__WHAT THIS TASK INVOLVES__
Any picture in the data below should be skipped, while every line is repeated exactly.

__SOURCE MATERIAL__
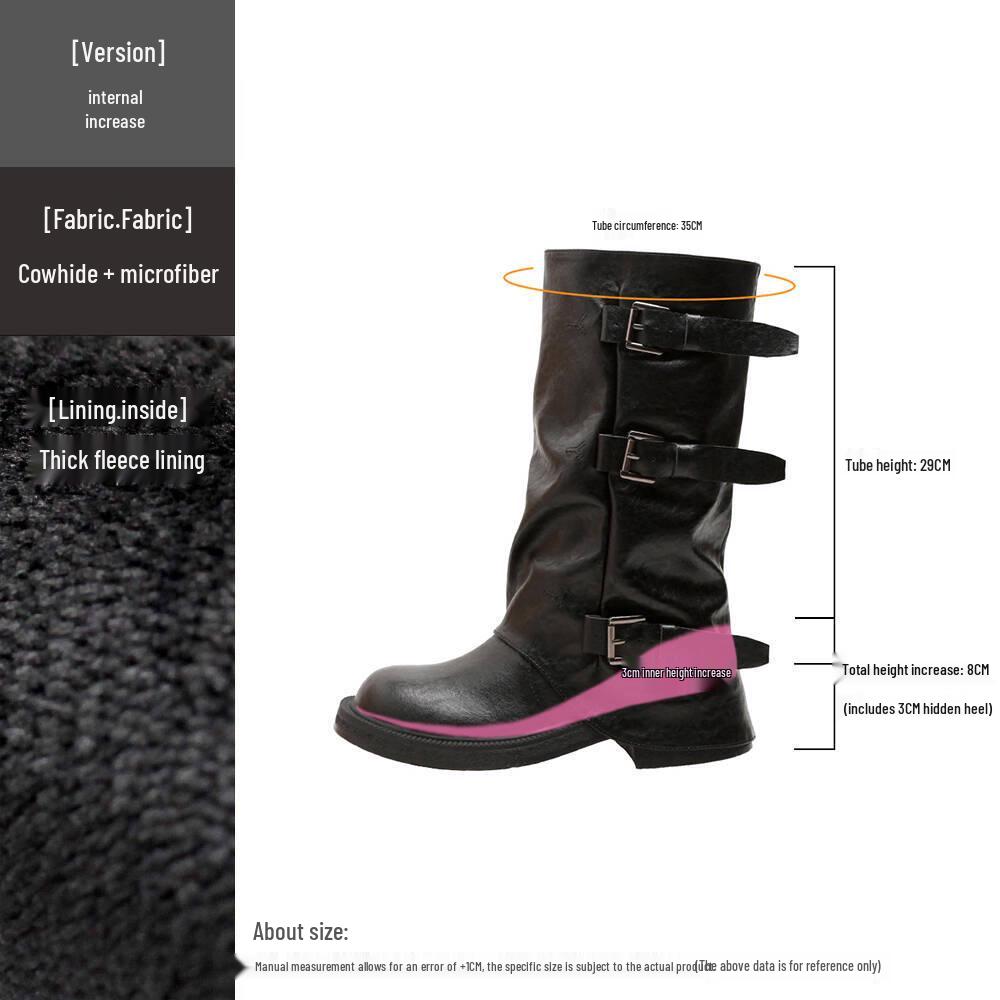 8cm Hidden Heel Women's Mid-Calf Boots - 2025 Autumn/Winter Collection, Thick Sole with Buckle & Wrinkled Design.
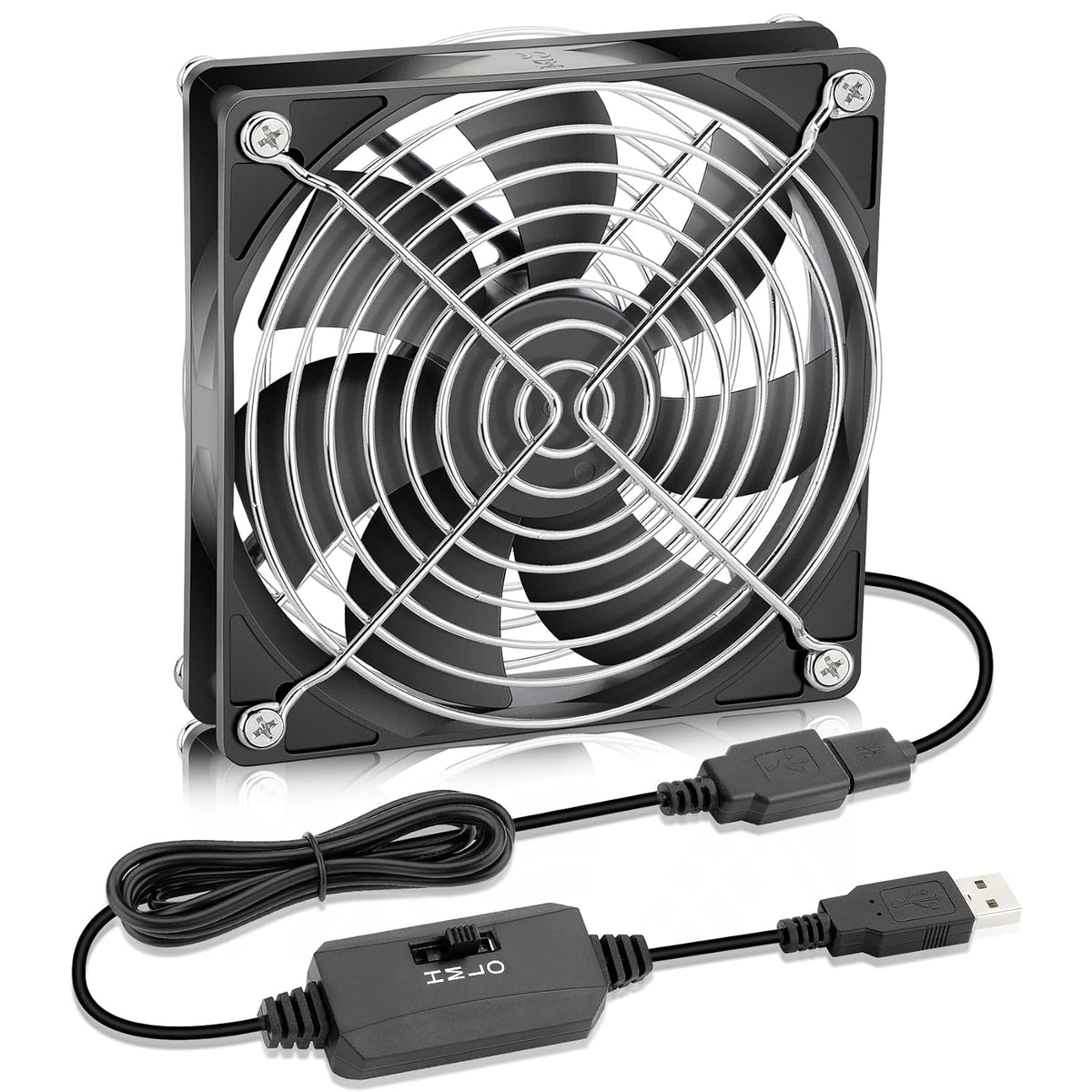 120mm 25mm 5V 3 x DC Brushless USB PC Case DVR CPU Cooling Fan with Speed Controller for WiFi Modem Cabinet Xbox DVR
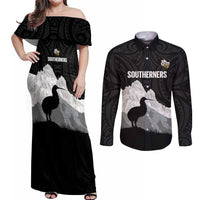 New Zealand South Island Football Custom Couples Matching Off Shoulder Maxi Dress and Long Sleeve Button Shirt Aoraki Mount Cook With Kiwi Maori Pattern LT14 Black - Polynesian Pride
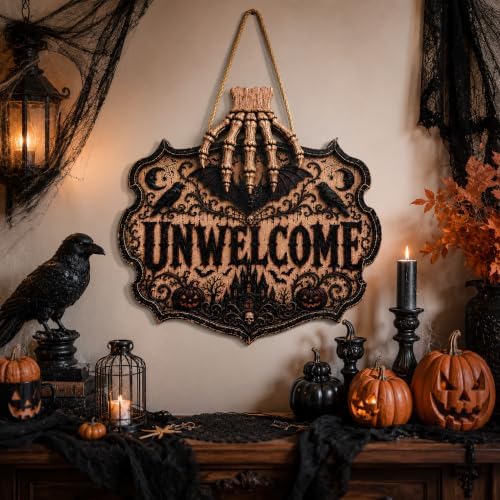 Halloween Decorations - Gothic Unwelcome Wooden Sign for Front Door - Image 6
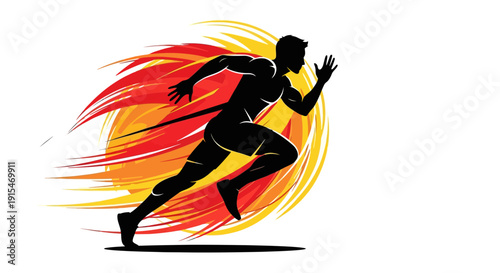 Dynamic Silhouette of a Runner in Full Stride.
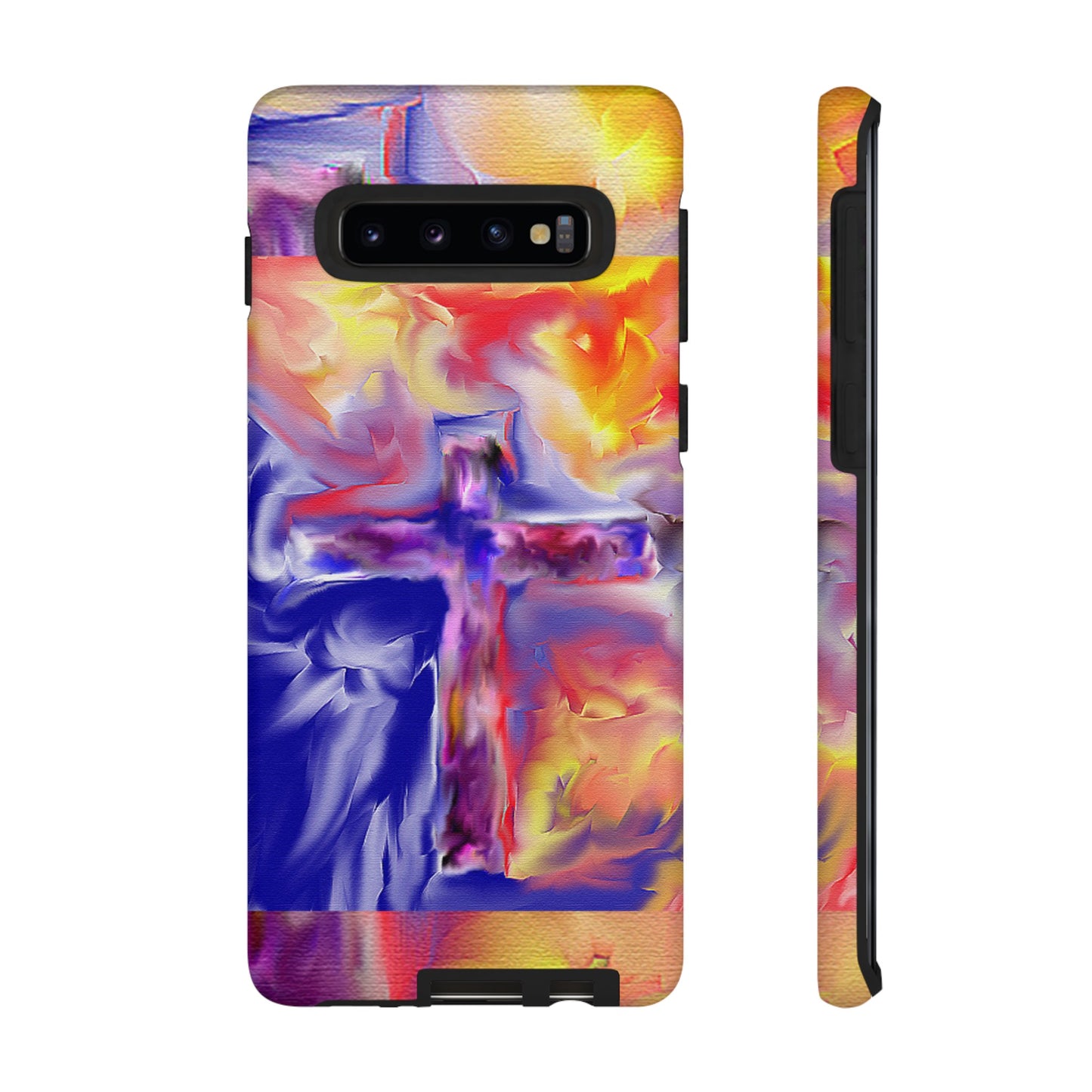 "Golden Rainbow - Divine Cross Protective Phone Case"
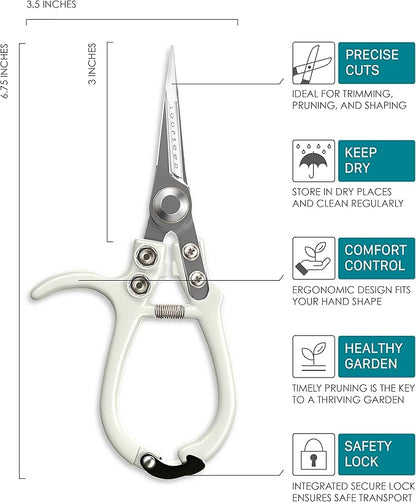 Plant Pruning Shears Garden Trimming Scissors Precision Hand Pruner Herb Snips Flower Clippers Bonsai Trimmers Straight Sharp Blade Tapered Tip Ergonomic Handle Modern Garden Tools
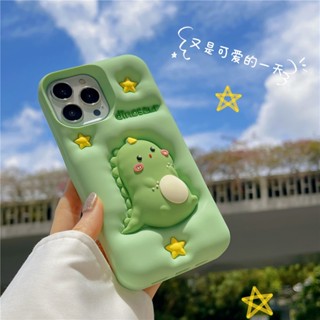 เคสซิลิโคนนิ่ม ลายไดโนเสาร์ ดาว กันกระแทก สําหรับ iPhone 11 12 13 14 pro max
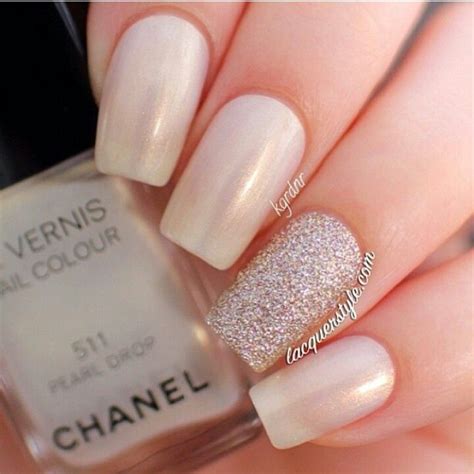 Pretty and light champagne color for Valentine's Day, don't you think? | Champagne nails, Pearl ...
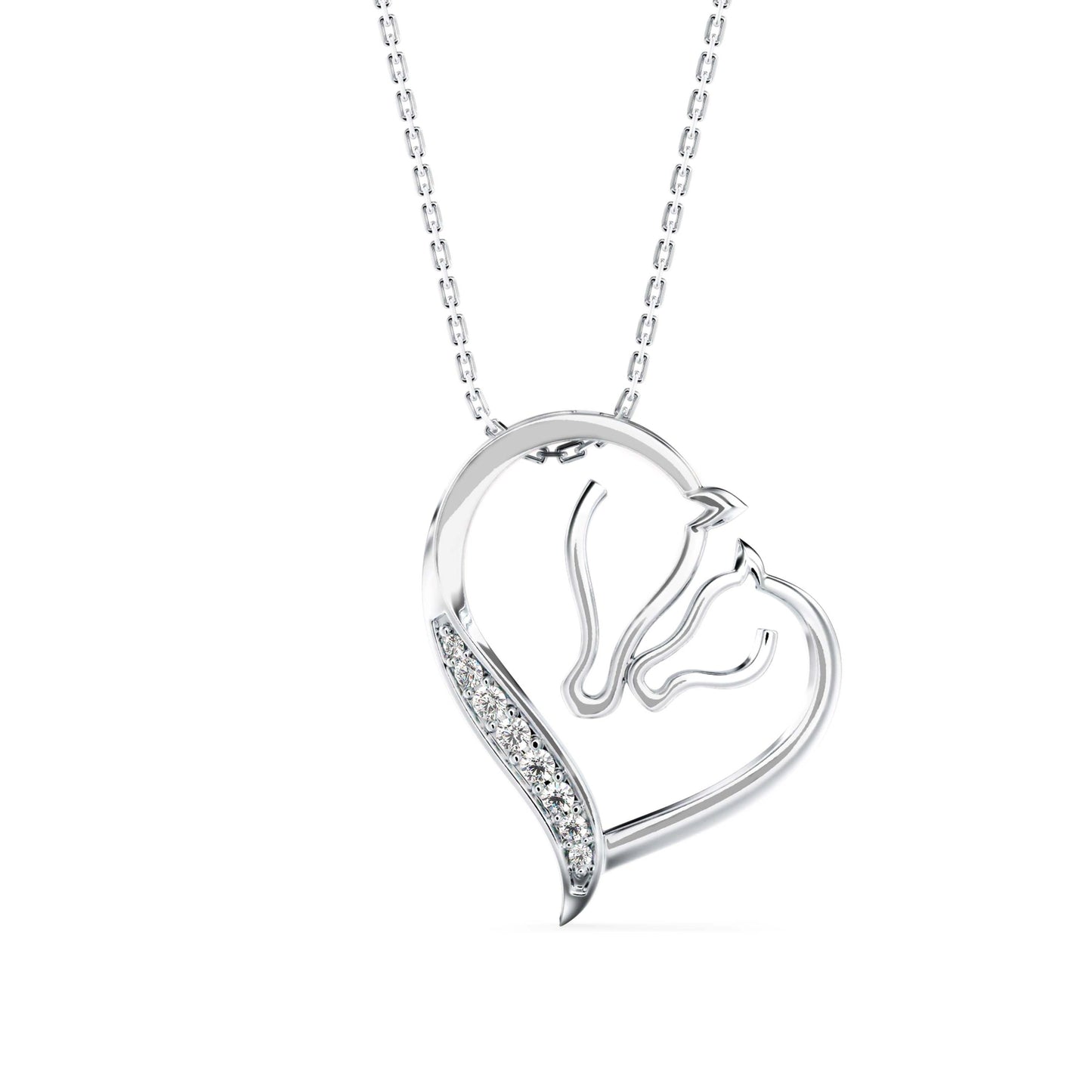 Enrich Heart Diamond Pendant White Gold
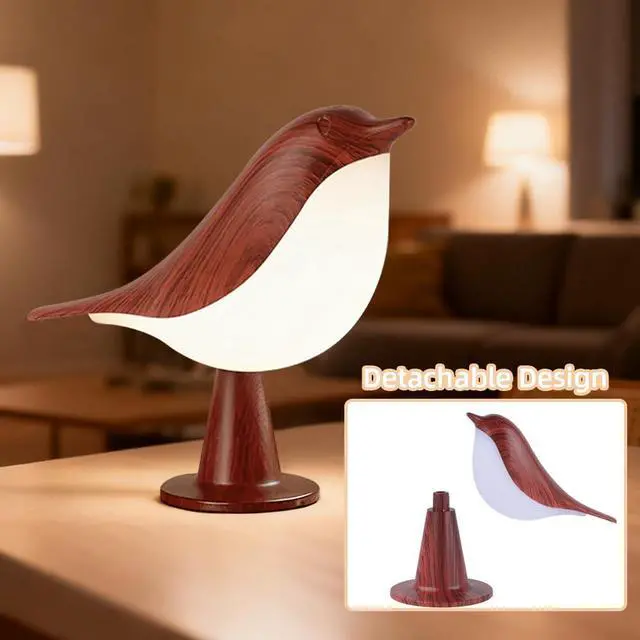 Alt view image 3 of 6 - Bird Cordless Table Lamp, Small Cordless Bedside Lamp with 3 Color Temperature, Touch Sensor & Rechargeable Battery - Night Light for Kids, Bedroom, Bedside, Office, and Outdoor UseDark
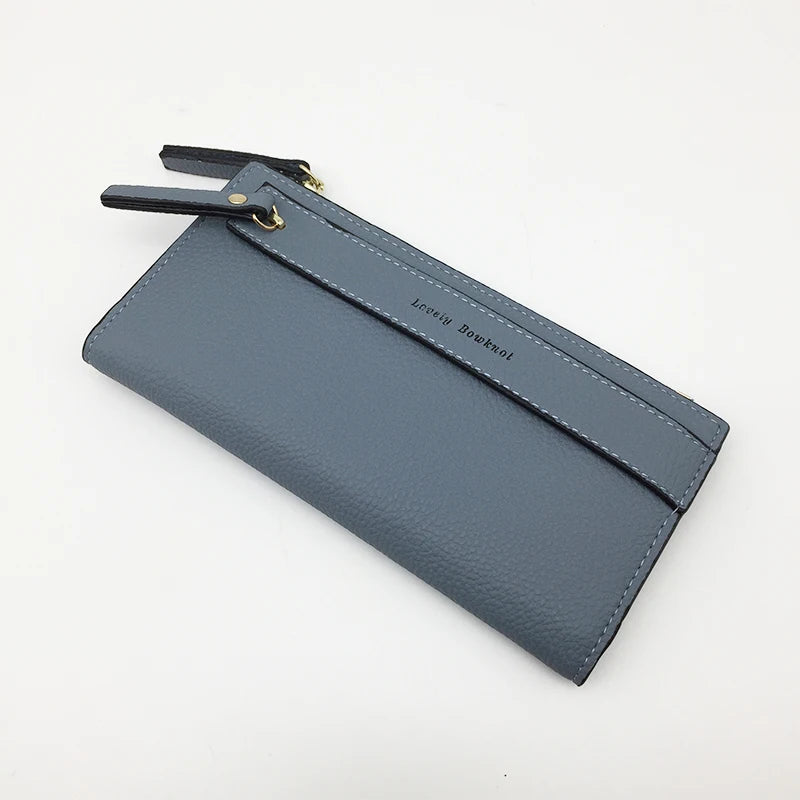 Women's Multifunction Zipper Wallet PU Leather Clutch Purse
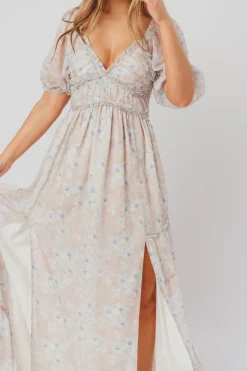 Hot Worth Collective Daphne Maxi Dress in Beige Blue Floral - Bump Friendly & Inclusive Siz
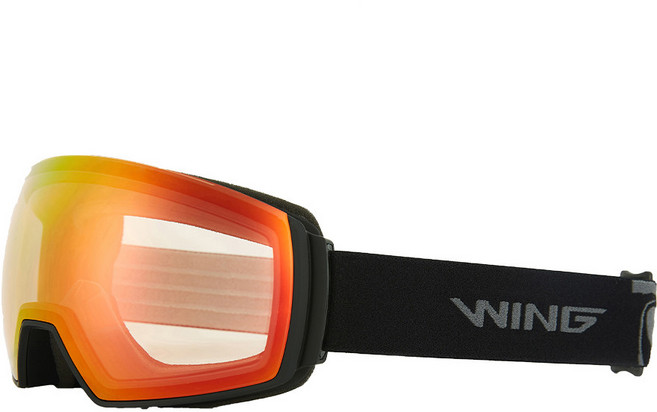 WING 남성 스키 보드 고글 더블렌즈 안경병용 야간, 블랙 + 레드, 1개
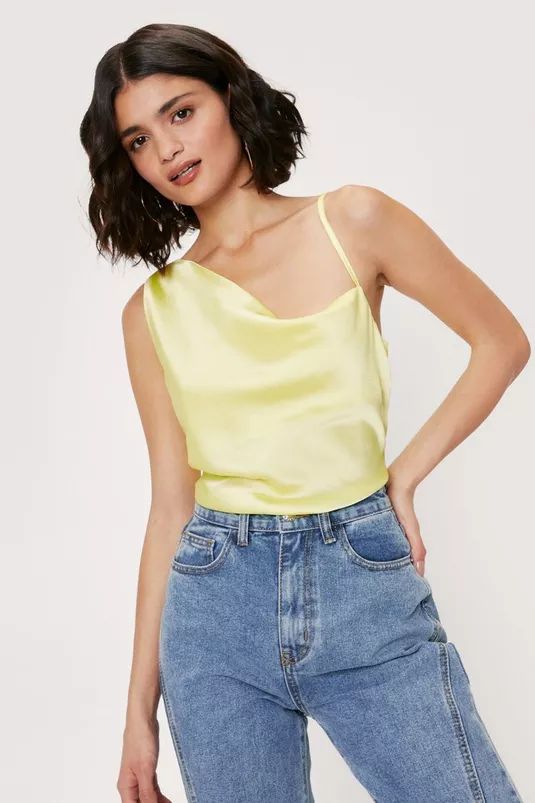 Asymmetric Satin Cowl Neck Cami Top | Nasty Gal (US)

__SOLUTION TO THE PROBLEM__
 8cm Hidden Heel Women's Mid-Calf Boots - 2025 Autumn/Winter Collection, Thick Sole with Buckle & Wrinkled Design.
 120mm 25mm 5V 3 x DC Brushless USB PC Case DVR CPU Cooling Fan with Speed Controller for WiFi Modem Cabinet Xbox DVR
 New Zealand South Island Football Custom Couples Matching Off Shoulder Maxi Dress and Long Sleeve Button Shirt Aoraki Mount Cook With Kiwi Maori Pattern LT14 Black - Polynesian Pride
 Halloween Decorations - Gothic Unwelcome Wooden Sign for Front Door - Image 6
 Dynamic Silhouette of a Runner in Full Stride.
 "Golden Rainbow - Divine Cross Protective Phone Case"
 Plant Pruning Shears Garden Trimming Scissors Precision Hand Pruner Herb Snips Flower Clippers Bonsai Trimmers Straight Sharp Blade Tapered Tip Ergonomic Handle Modern Garden Tools
 เคสซิลิโคนนิ่ม ลายไดโนเสาร์ ดาว กันกระแทก สําหรับ iPhone 11 12 13 14 pro max
 Pretty and light champagne color for Valentine's Day, don't you think? | Champagne nails, Pearl ...
 Enrich Heart Diamond Pendant White Gold
 Alt view image 3 of 6 - Bird Cordless Table Lamp, Small Cordless Bedside Lamp with 3 Color Temperature, Touch Sensor & Rechargeable Battery - Night Light for Kids, Bedroom, Bedside, Office, and Outdoor UseDark
 Women's Multifunction Zipper Wallet PU Leather Clutch Purse
 Hot Worth Collective Daphne Maxi Dress in Beige Blue Floral - Bump Friendly & Inclusive Siz
 WING 남성 스키 보드 고글 더블렌즈 안경병용 야간, 블랙 + 레드, 1개
 Asymmetric Satin Cowl Neck Cami Top | Nasty Gal (US)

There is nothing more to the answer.